_What the task requires_
When you reach the line with "You're Fired | TRUMP GOT FIRED" in the data below, begin printing lines exactly, and stop once the line with "AND WILL PROBABLY" has been printed.

_Given records_

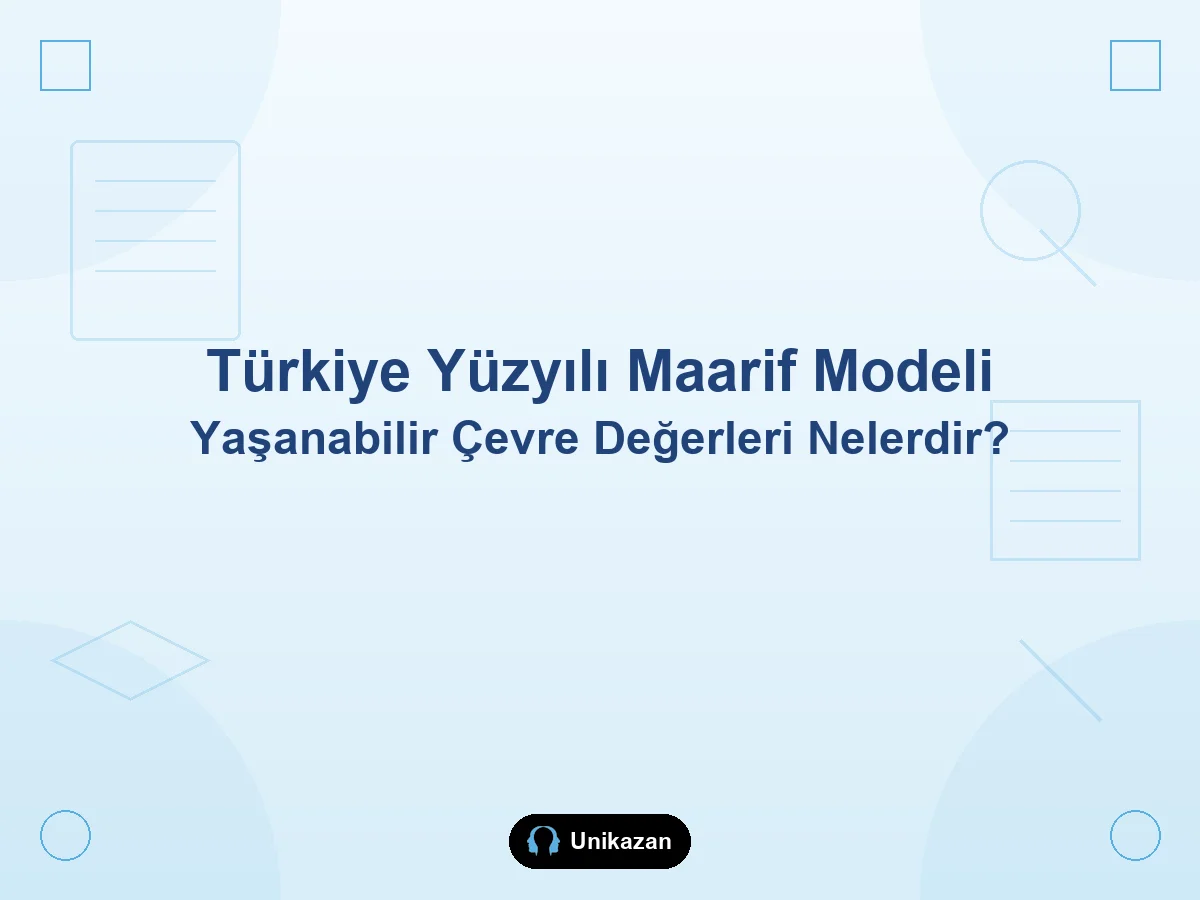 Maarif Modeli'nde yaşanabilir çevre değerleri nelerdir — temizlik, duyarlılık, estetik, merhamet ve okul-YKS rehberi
...
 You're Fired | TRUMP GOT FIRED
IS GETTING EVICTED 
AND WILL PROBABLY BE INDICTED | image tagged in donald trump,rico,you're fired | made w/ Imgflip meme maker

_Result for this exercise_
 You're Fired | TRUMP GOT FIRED
IS GETTING EVICTED 
AND WILL PROBABLY BE INDICTED | image tagged in donald trump,rico,you're fired | made w/ Imgflip meme maker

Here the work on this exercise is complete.